PROBLEM TO SOLVE: Write out the data word for word, taking care that no picture is carried over.

SUPPLIED MATERIAL:
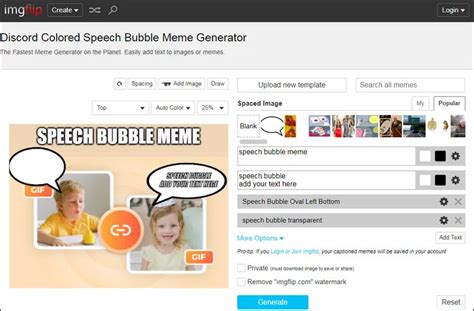 speech bubble meme generator|online speech bubble maker.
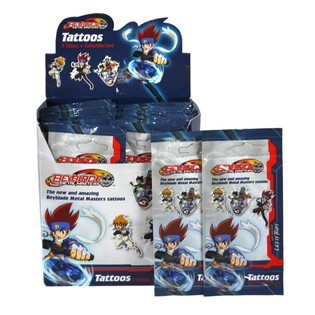 BEYBLADE Tatovering Klistremerker i Display (100 stk.)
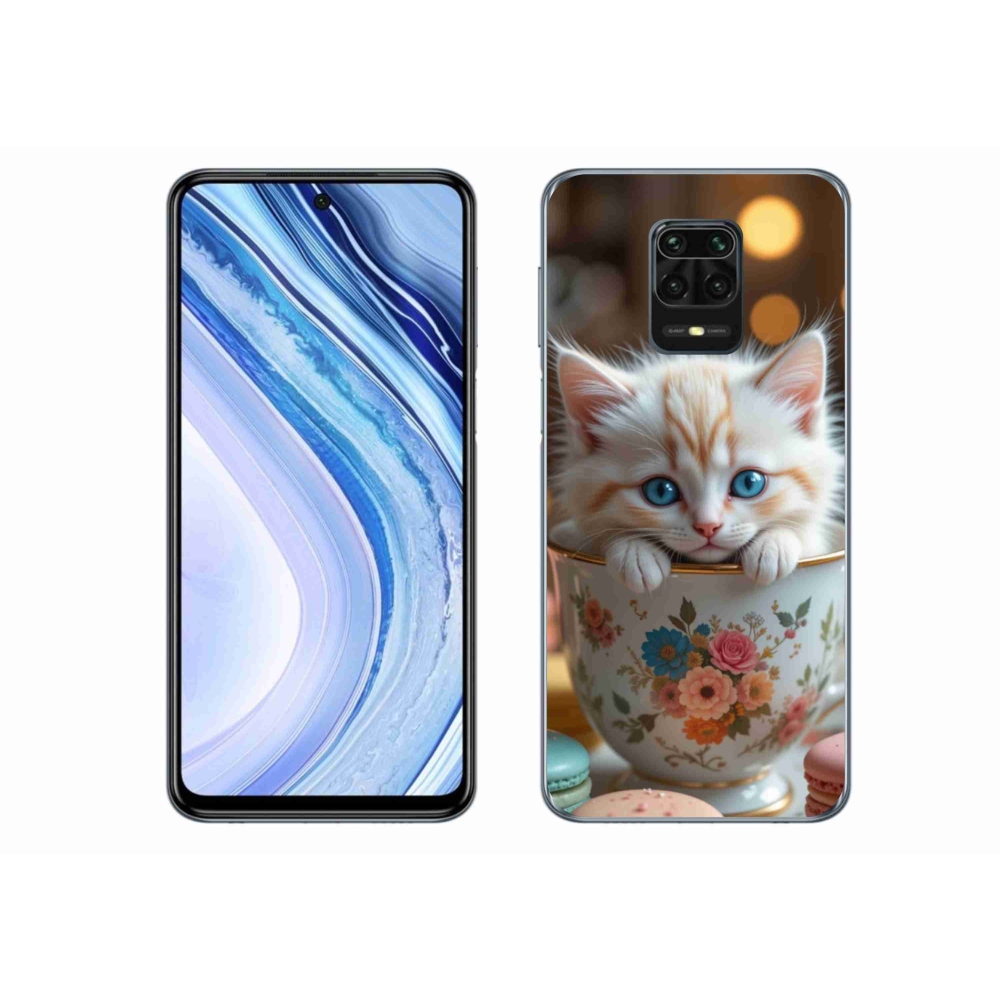 Gél borítás mmCase a Xiaomi Redmi Note 9 Pro számára - aranyos cica 6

OUTPUT BELOW:
 speech bubble meme generator|online speech bubble maker.
 BEYBLADE Tatovering Klistremerker i Display (100 stk.)
 Gél borítás mmCase a Xiaomi Redmi Note 9 Pro számára - aranyos cica 6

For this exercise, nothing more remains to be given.